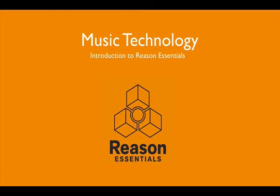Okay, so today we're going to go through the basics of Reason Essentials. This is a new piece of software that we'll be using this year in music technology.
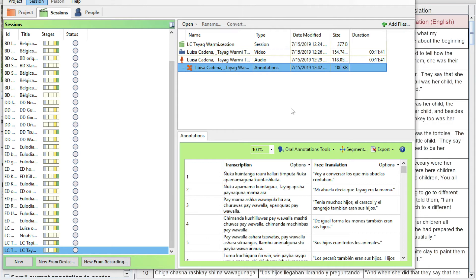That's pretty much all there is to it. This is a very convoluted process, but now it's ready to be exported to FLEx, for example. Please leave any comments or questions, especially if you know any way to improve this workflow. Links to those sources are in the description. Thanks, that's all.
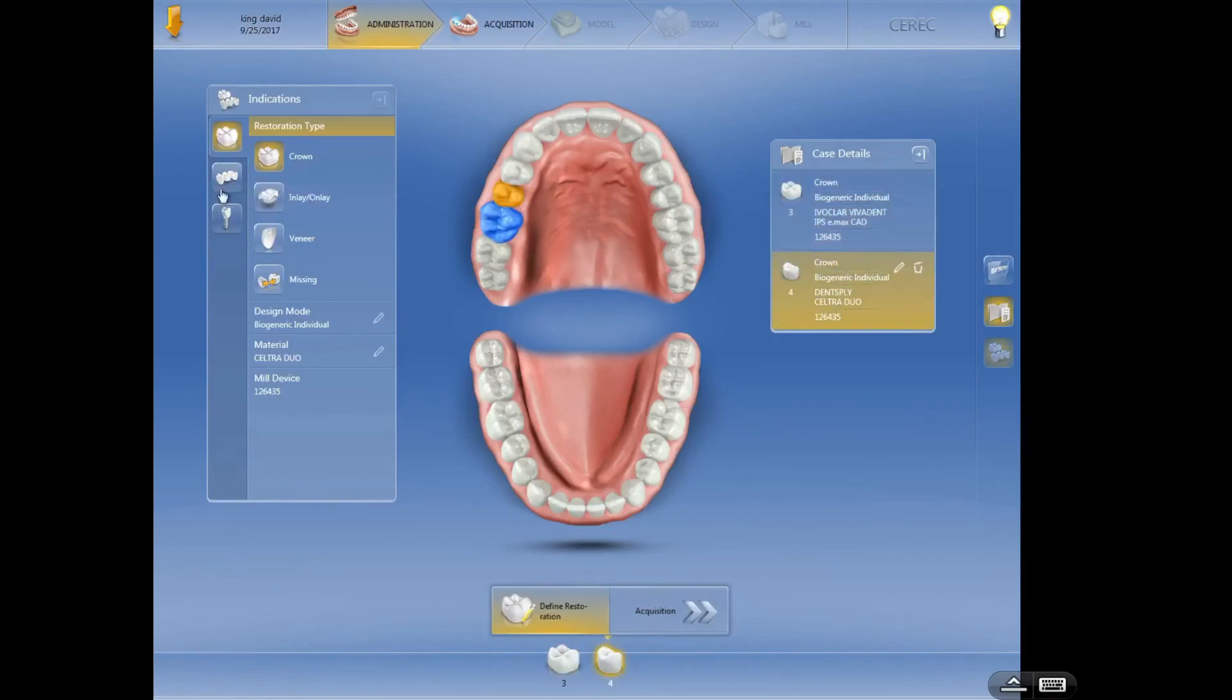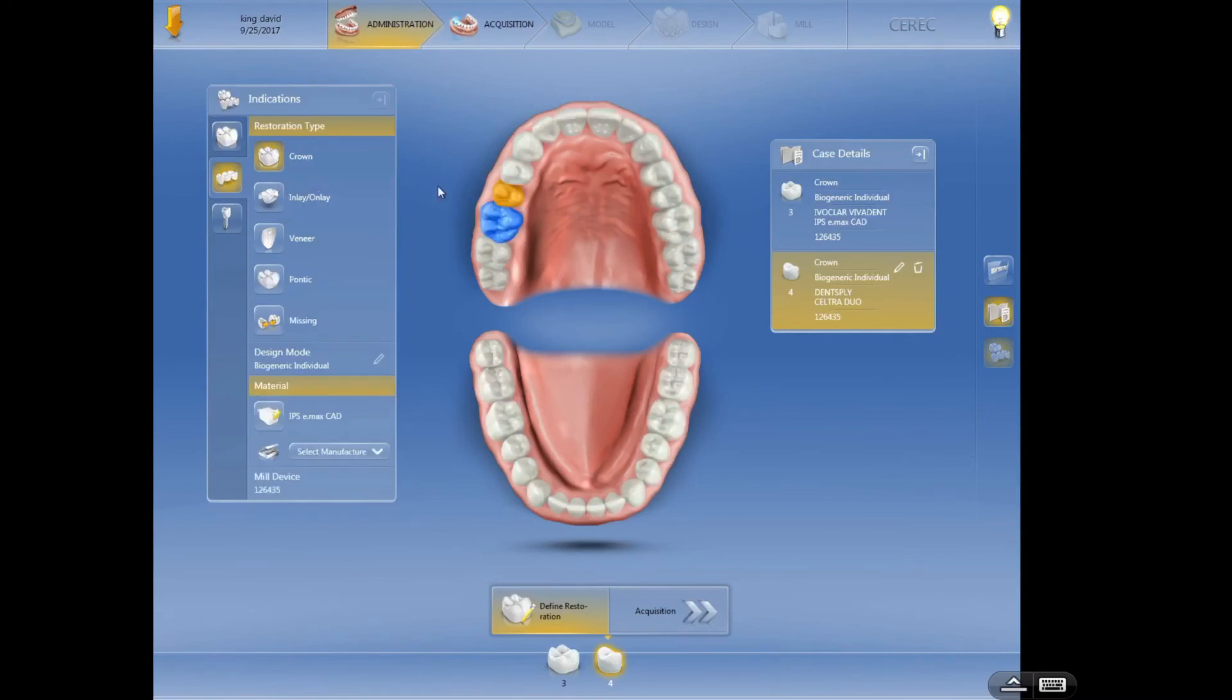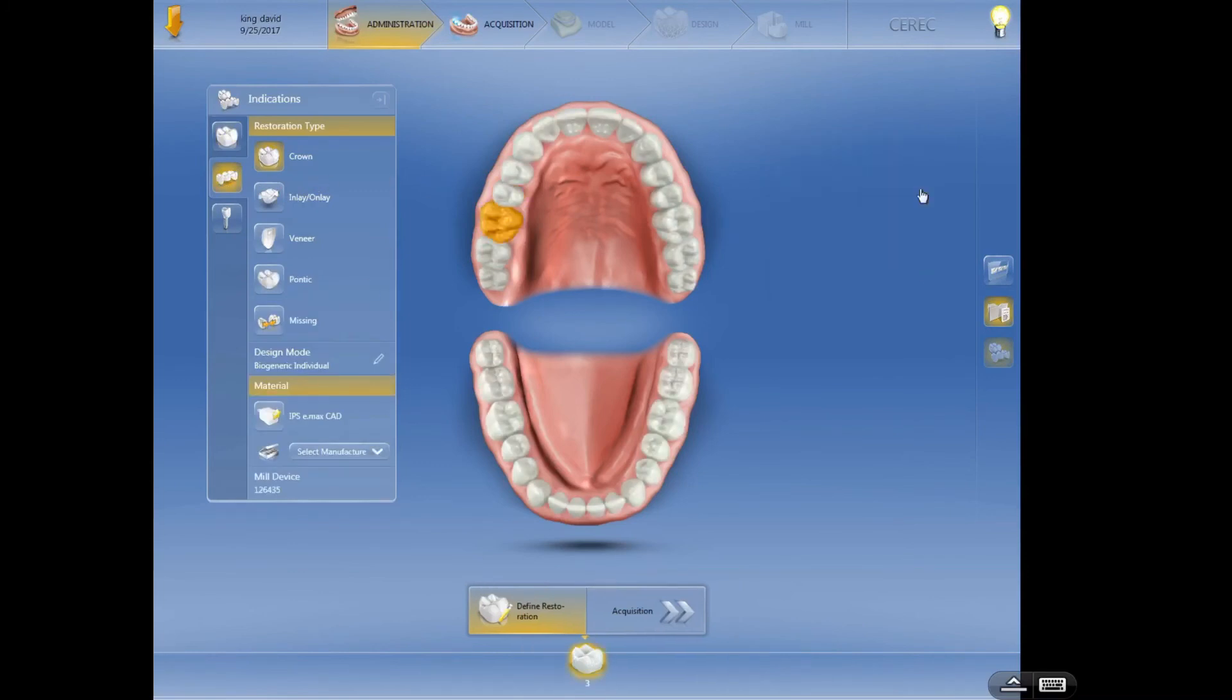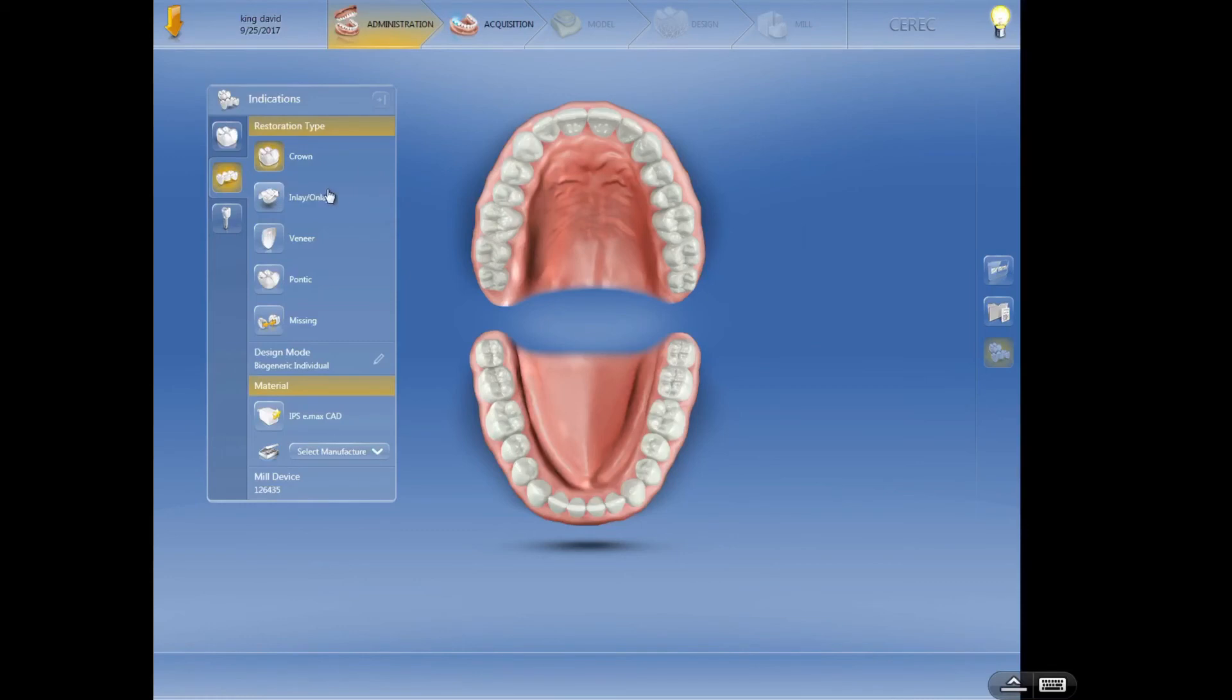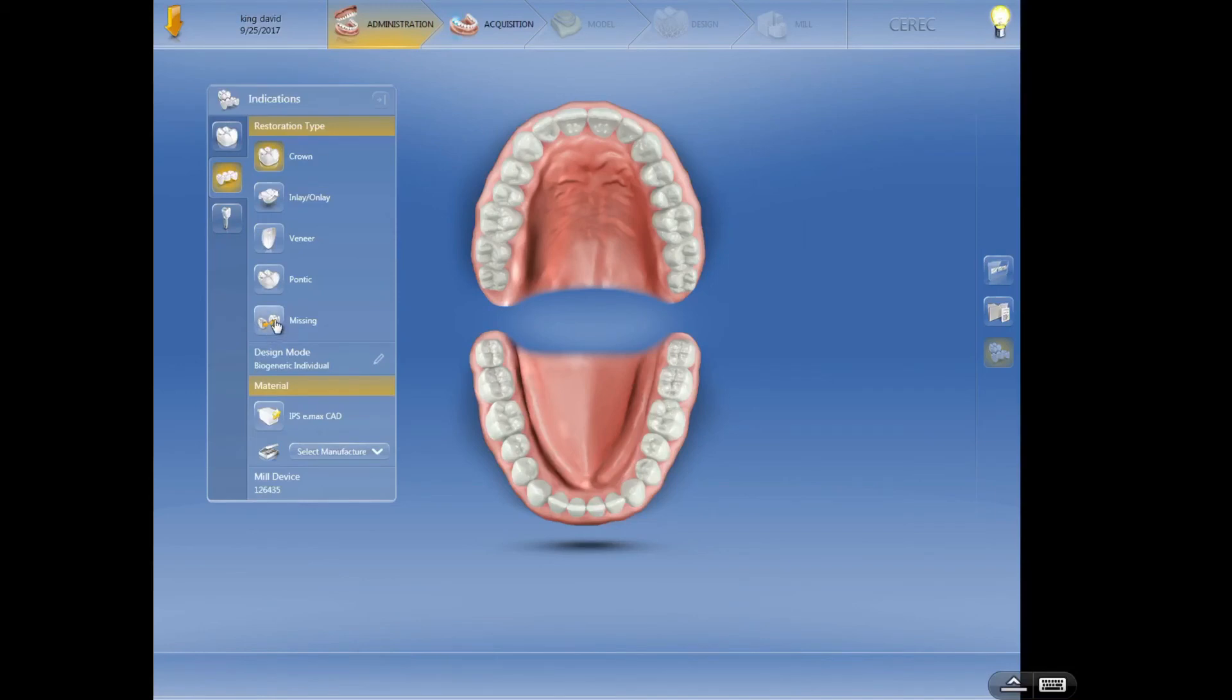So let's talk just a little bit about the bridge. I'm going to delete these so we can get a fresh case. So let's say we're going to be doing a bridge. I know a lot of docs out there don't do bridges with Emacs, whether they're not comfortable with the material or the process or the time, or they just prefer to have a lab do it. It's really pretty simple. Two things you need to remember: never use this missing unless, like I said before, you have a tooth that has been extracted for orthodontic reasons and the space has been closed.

---

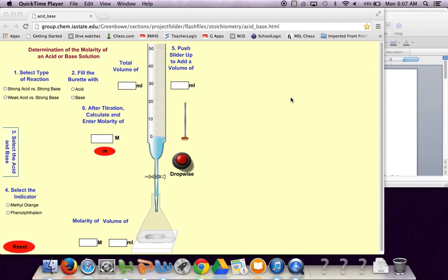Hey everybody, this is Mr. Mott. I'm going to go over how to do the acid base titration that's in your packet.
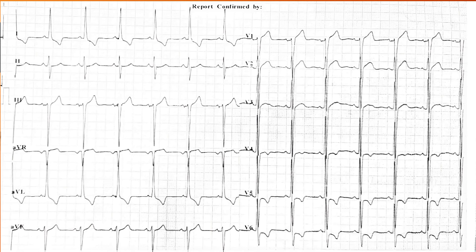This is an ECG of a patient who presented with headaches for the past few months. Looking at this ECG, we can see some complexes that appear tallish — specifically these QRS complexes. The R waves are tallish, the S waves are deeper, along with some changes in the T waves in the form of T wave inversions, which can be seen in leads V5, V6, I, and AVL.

§ PROMPT
Line for line, output the entries above from the line with "Hey everybody, this" to the line with "This is an ECG", both included, and nothing more. Skip pictures.

§ THE ANSWER
Hey everybody, this is Mr. Mott. I'm going to go over how to do the acid base titration that's in your packet.
This is an ECG of a patient who presented with headaches for the past few months. Looking at this ECG, we can see some complexes that appear tallish — specifically these QRS complexes. The R waves are tallish, the S waves are deeper, along with some changes in the T waves in the form of T wave inversions, which can be seen in leads V5, V6, I, and AVL.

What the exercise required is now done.